Calculating all pairwise correlations among these metrics is obviously trivial. However, one has to be careful when interpreting the correlations as there are at least two major confounding factors. First, it is important to keep in mind that the PLoS article level metrics have been collected across several journals. Some of these journals are high impact journals such as PLoS Biology and PLoS Medicine, whereas others are lower impact journals such as PLoS ONE. One would expect that papers published in the former two journals will on average have higher values for most metrics than the latter journal. Papers published in journals with a web-savvy readership, e.g. PLoS Computational Biology, are more likely to receive blog posts and social bookmarks. Second, the age of a paper matters. Both downloads and in particular citations accumulate over time. To correct for these confounding factors, I constructed a normalized set of article level metrics, in which each metric for a given article was divided by the average for articles published the same year in the same journal.
I next calculated all pairwise Pearson correlation coefficients among the reduced set of article level metrics. To see the effect of the normalization, I did this for both the raw and the normalized metrics. I visualized the correlation coefficients as a heat map, showing the results for the raw metrics above the diagonal and the results for the normalized metrics below the diagonal.
There are a several interesting observations to be made from this figure:
- Downloads correlate strongly with all the other metrics. This is hardly surprising, but it is reassuring to see that these correlations are not trivially explained by age and journal effects.
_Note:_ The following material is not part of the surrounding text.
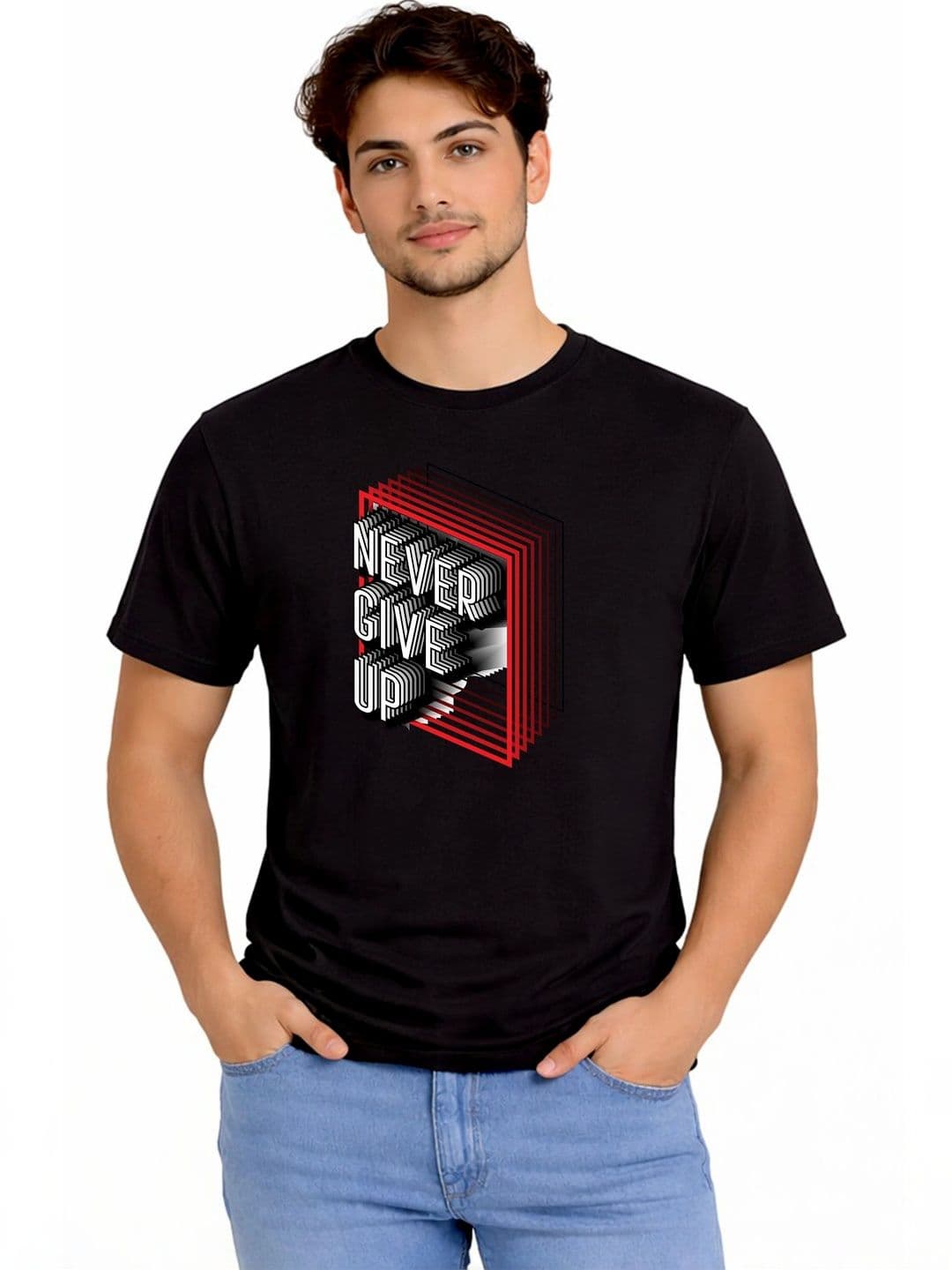Printabulous Men Typography Printed Pure Cotton T-shirt - view 1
- Bookmarks is the metric that apart from number of downloads correlates most strongly with Citations. This makes good sense since CiteULike and Connotea are commonly used as reference managers. If you add a paper to you bibliography database, you will likely cite it at some point.
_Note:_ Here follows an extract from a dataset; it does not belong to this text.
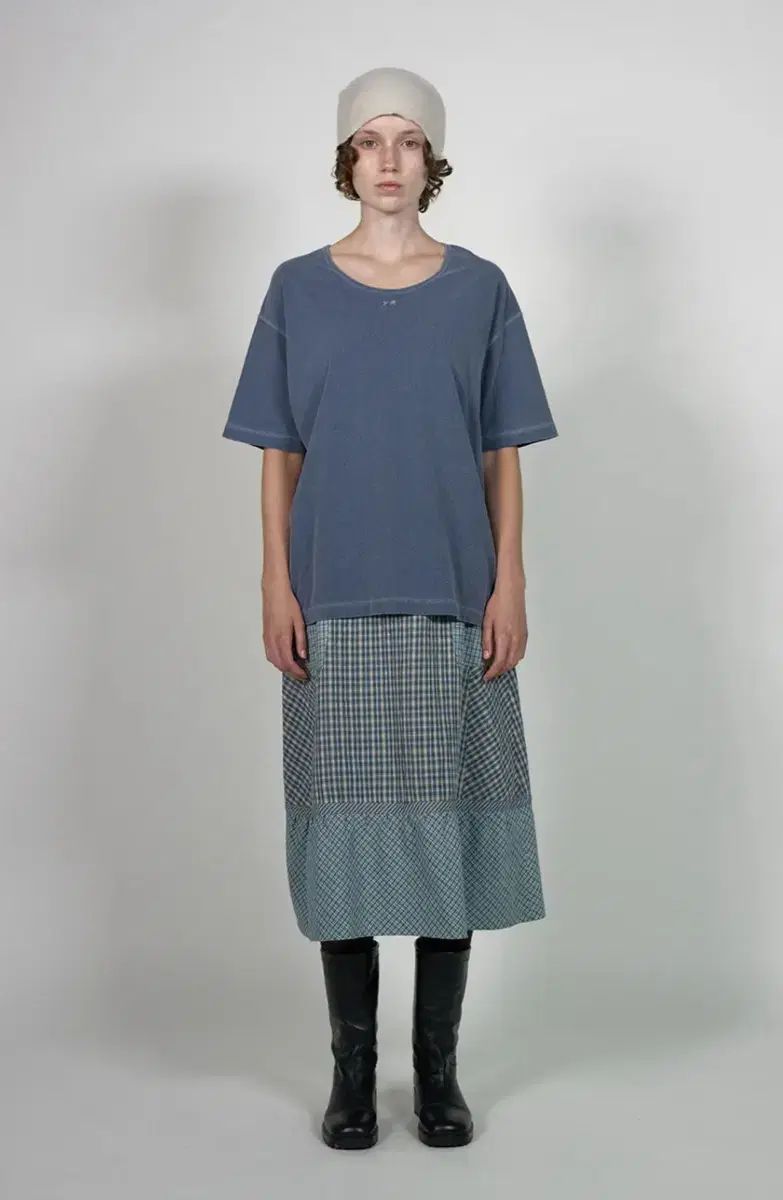 ビアプレーン via pori チェック スカート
- Blog posts and Trackbacks correlate well with Downloads but poorly with citations. This may reflect that blog posts about research papers are often targeted towards a broad audience; if most of the readers of the blog posts are laymen or researchers from other fields, they will be unlikely to cite the papers covered in the blog posts.
- Ratings correlates fairly poorly with every other metric. Combined with the low number of ratings, this makes me wonder if the option to rate papers on the journal web sites is all that useful.
Finally, I will point out one additional metrics that I would very much like to see added in future versions of this data set, namely microblogging. I personally discover many papers through others mentioning them on Twitter or FriendFeed. Because of the much smaller the effort involved in microblogging a paper as opposed to writing a full blog post about it, I suspect that the number of tweets that link to a paper would be a very informative metric.
Edit: I made a mistake in the normalization program, which I have now corrected. I have updated the figure and the conclusions to reflect the changes. It should be noted that some comments to this post were made prior to this correction.